Foaled in 1869, St. Julien (the son of Volunteer and Flora) spent the early part of his life pulling a milk wagon in Orange County, New York. He was sold for $600 to James Galway of New York City, who named the gelding after seeing the name on a bottle of wine. Currier & Ives first distributed Leighton's print in 1880 after Orrin Hickok drove St.
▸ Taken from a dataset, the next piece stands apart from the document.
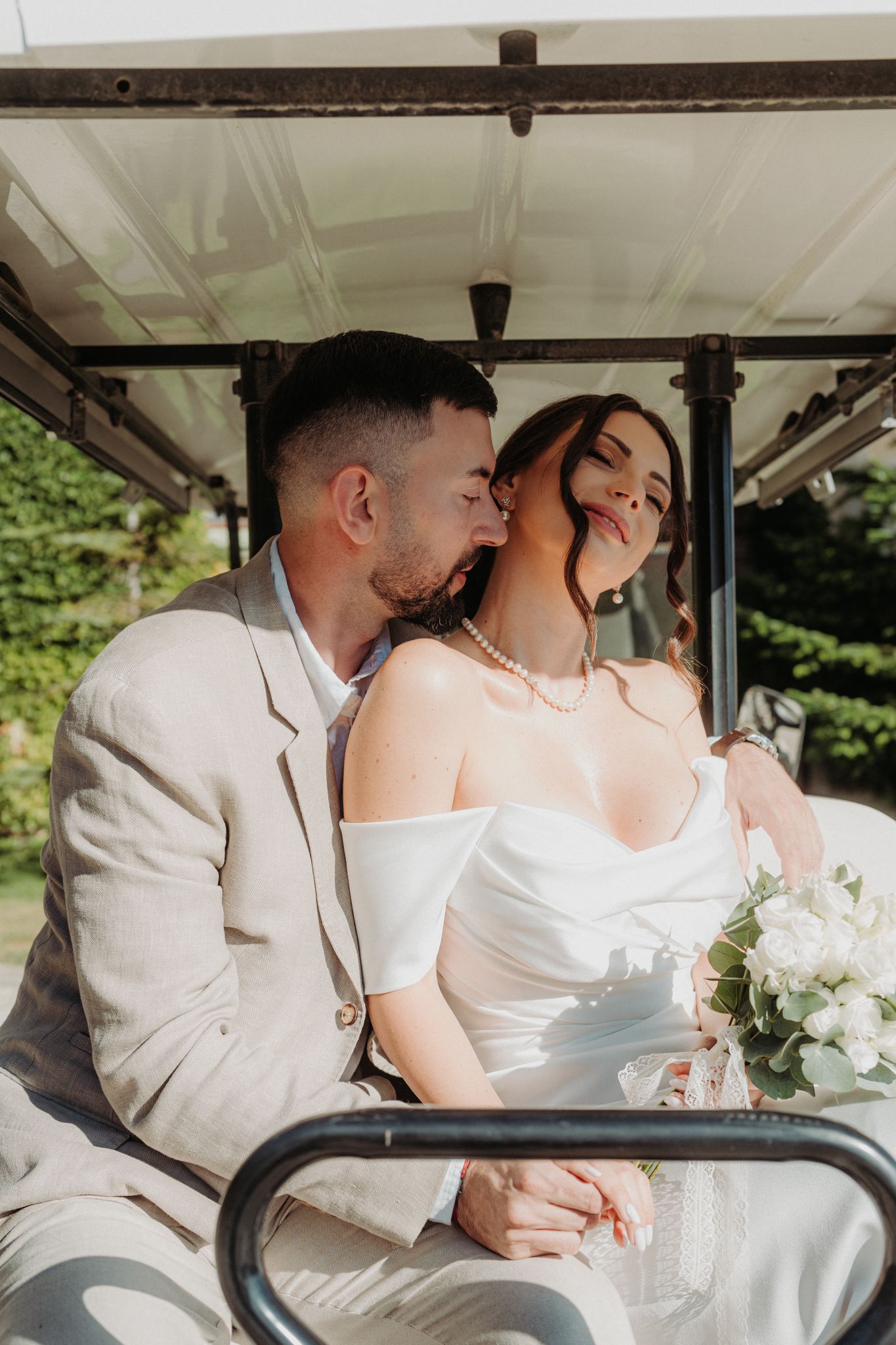 Romantic couple shares intimate moments in a golf cart during their wedding photoshoot.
Julien to a world championship, trotting the mile in two minutes and twelve and three-quarter seconds, a record they themselves broke the following year.
 
 
WILLIAM HERBERT DUNTON American, 1878-1936
McMullin, Guide, 1934
Oil on canvas
Lent by Stark Museum of Art, Orange, Texas
 
Late in his career, William Dunton often depicted older cowboy "types," whose jobs were beginning to disappear as the West became more modernized. Here, he paints John T. "Curley John" McMullin, a hunting guide who initially came to New Mexico from Oklahoma (where he was a good friend of Belle Starr) as a government trapper. Very popular in the Taos area for his cheery disposition and kindness, written accounts of his funeral confirm how important his horse was to him and others like him: "Mac's favorite horse was led behind the funeral coach with three horsemen leading the procession and with about 15 horsemen following. At the cemetery, Doughbelly Price, an old friend of Mac, delivered the last words of the old cowpuncher while seated on his horse."
 
 
DEBORAH BUTTERFIELD American, born 1949
EastWest, 2002
Bronze
The Art Museum at the University of Kentucky; purchase: The Collectors Fund 2003.1
 
Montana sculptor Deborah Butterfield concentrates her art almost exclusively on revealing the expressive gesture and presence of horses. She aims "to reflect how much a horse is part of his environment" by using found materials that retain their own essential history. She assembles these materials into evocative sculptures. Her earliest works were huge plaster mares, followed by a series of horses made of sticks and mud, scrap metal, and steel. In more recent years, she has begun making horses that are characterized by an open configuration and an emphasis on linear elements, as if she were drawing in space. Her current works -- including EastWest -- are unique bronze casts. Constructed from found wood and organic materials, Butterfield casts each horse in sections, welds the bronze sections together, and then individually patinas each element to resemble the weathered pieces of wood that served as her inspiration.